I don’t even know what the title of the post means (but I can’t be bothered figuring out a more meaningful one). What is it, to be where you’re meant to be? Who does the meaning? I don’t know. I know who doesn’t do the meaning though: me. (Also, god, because I’m godless and faithless.)
I’m a self-declared Buddhist. Dalai Lama’s Cat advises to turn our prison into a monastery. The idea is that while you’re still confined, you bring into play an element of deliberate consent. I’m also Freudian. Freud advises that when you can’t have what you want, you must want what you have. These two are basically the same idea.
If it were entirely up to me, I wouldn’t choose to be where I am, physically and mentally. On the other hand, why not? There are sure worse places, literally and figuratively. I believe in determinism in the sense that where and when you are born predetermines your options. Don’t tell me that my life would be the same if I were born in a dirt hut in the heart of darkness (that’s literary speak for Congo, Africa).
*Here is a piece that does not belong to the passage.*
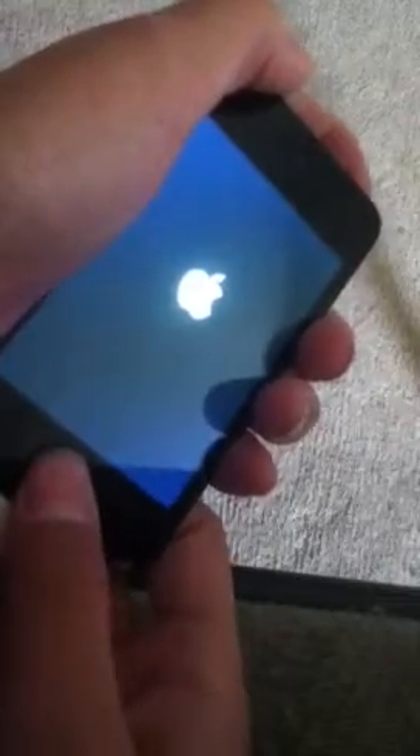To get into recovery mode — just if you jailbroke it and it did this — you hold the top button for five seconds. Then while you're holding that, press and hold the home button for ten seconds total pressing both. After the ten seconds, press only the home button — that square thing — for fifteen seconds. And it should be in DFU mode.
Having been born in the second world has its amazing perks. Awareness, for example. We’re here an advanced society enough not only to know in theory that there are more advanced societies but also to practically know how exactly they live. I don’t think people in the dirt huts of the third world are quite clear on what life in the first world looks like. I have the benefits of internet, formal education and international friends, so I dare say I am quite aware of what it is to live elsewhere.

The second world awareness to me means that I know that I could have been better and also that I could have been worse. I can visualise both variants rather well. Knowing this, I’m also appreciative that I haven’t ended up worse. Sure, I’m a struggling overworked freelancer in a cold flat in a shabby small town, but hey, it’s not like I have to walk ten miles to get water from the well and there are rapists and robbers on the way.
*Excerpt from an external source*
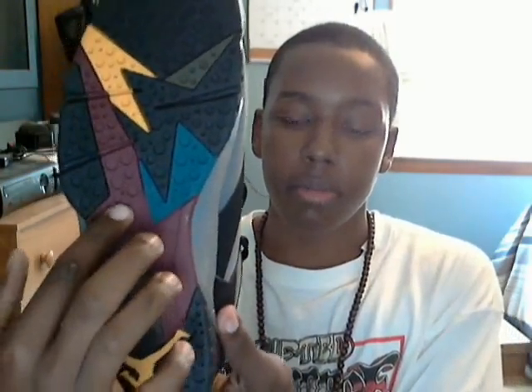On the bottom of the shoe you have a whole bunch of different colors throughout. You've got your Bordeaux right here, your blue over here, your green — olive green up here — and your golden yellow down here. Also on the back towards the heel you've got your golden Jumpman, that's your blue, olive green, and some more Bordeaux.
I argue that second world people are the toughest. When you don’t know what you could have had, if only you were born differently, you don’t desire it—you have no idea. When you do know, however, that you could, but most likely won’t (don’t give me the nonsense that I can be anything I want to be), you have to get your shit together and deal with it. That requires both mental and physical toughness.
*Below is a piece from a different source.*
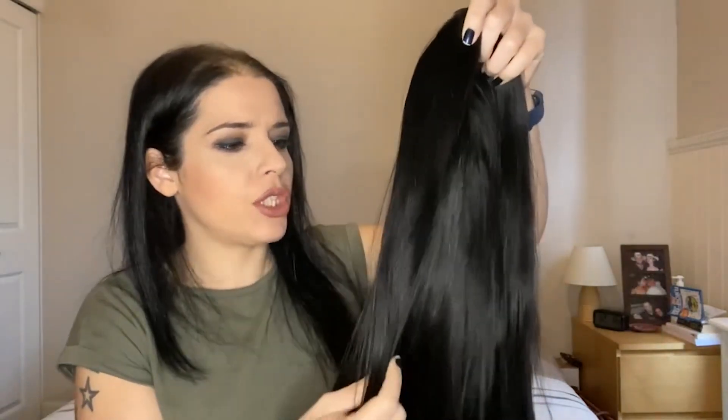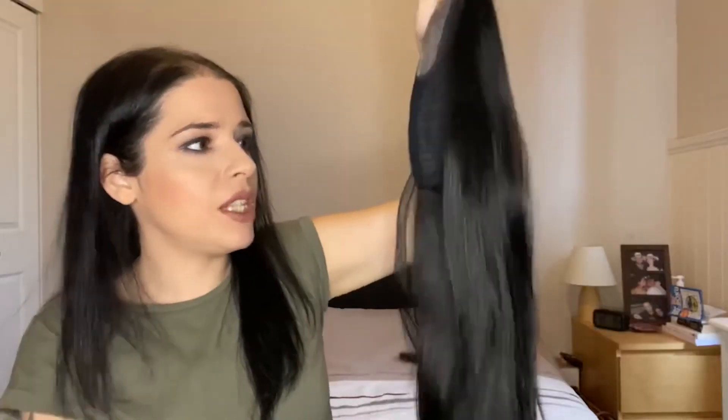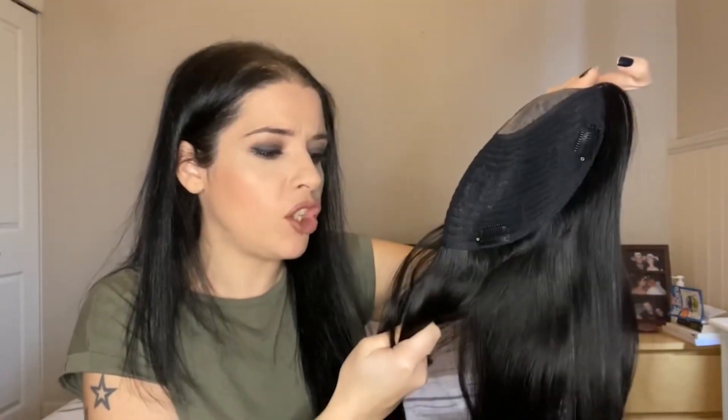Here is the topper. I have to say, when I opened the box, I saw the color is exactly the same as mine, which I'm really impressed. The feel is so soft, it's so slick, so smooth, it's amazing. I have to say, the quality is incredible — you can really tell it's real human hair.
I mean, I’m not dependent on UNICEF food packets, I get my groceries from Tesco, but I still have to walk a mile to get there and carry the shopping on my back because I have neither a car nor someone to help me. It’s this undemonstrative everyday heroism that I value the most in others—and myself. I wouldn’t choose it, but since that’s what I got, I might just as well do it properly and with whatever grace and dignity I can put together.